De Raad overwoog dat de onderzoeksbevindingen voldoende grondslag boden voor de conclusie dat de appellant in de genoemde periode op geld waardeerbare arbeid had verricht. De appellant had verklaard dat hij werkzaamheden had verricht bij een kappersbedrijf, en er waren waarnemingen gedaan door medewerkers van de gemeente die bevestigden dat hij daar actief was. De Raad benadrukte dat het voor de verlening van bijstand niet alleen van belang is of er daadwerkelijk inkomsten zijn, maar ook of de betrokkene redelijkerwijs inkomsten kan verwerven.

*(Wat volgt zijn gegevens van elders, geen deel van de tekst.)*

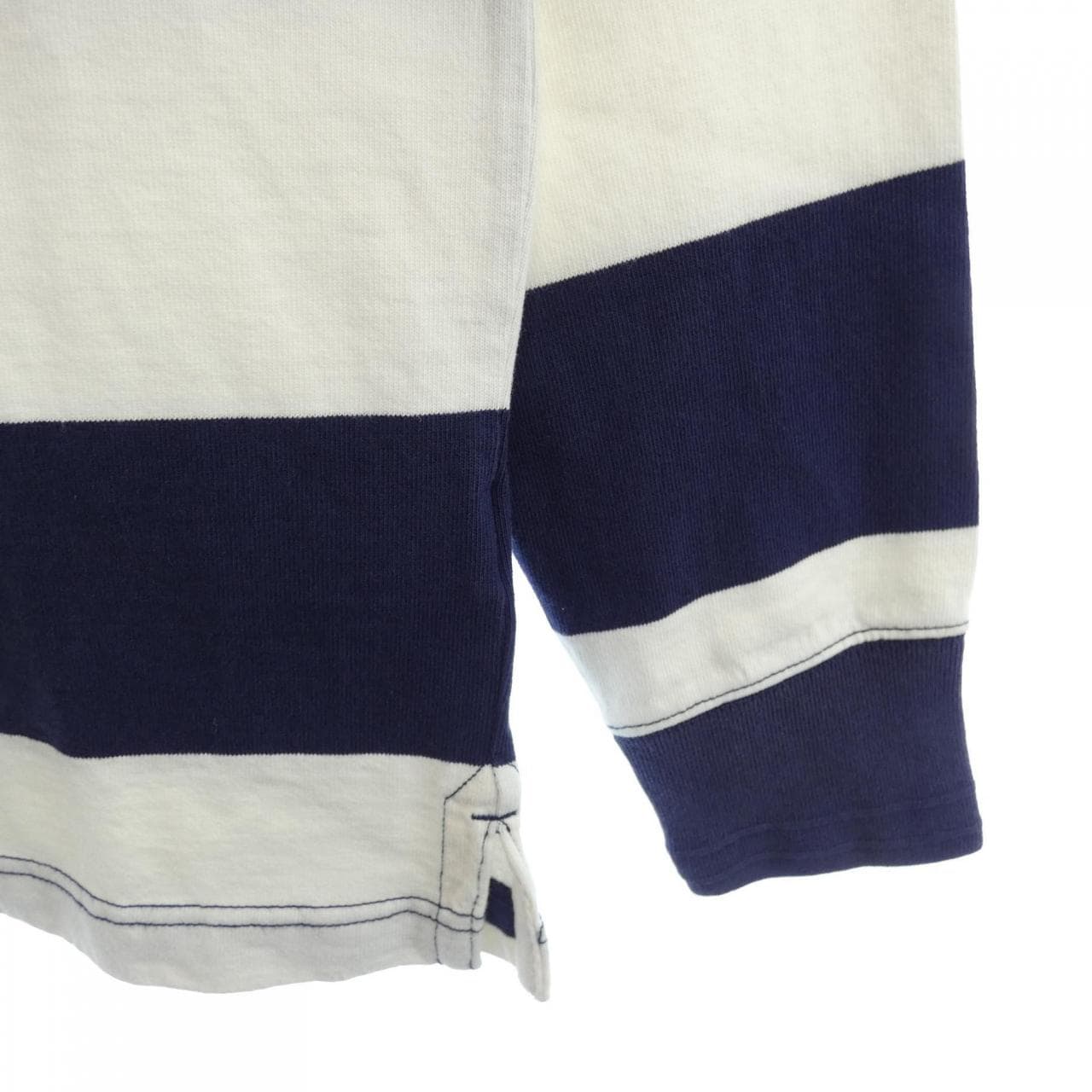 ポロラルフローレン POLO RALPH LAUREN トップス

De Raad wees het verzoek van de gemachtigde van de appellant om aanvullende stukken toe te voegen aan het dossier af, omdat deze stukken niet tijdig waren ingediend. De Raad concludeerde dat het college op grond van de Participatiewet (PW) verplicht was om de bijstand in te trekken en de kosten terug te vorderen. De beroepsgrond van de appellant dat de terugvordering onevenredig was, werd verworpen. De uitspraak werd in het openbaar gedaan, en er werd geen proceskostenveroordeling opgelegd.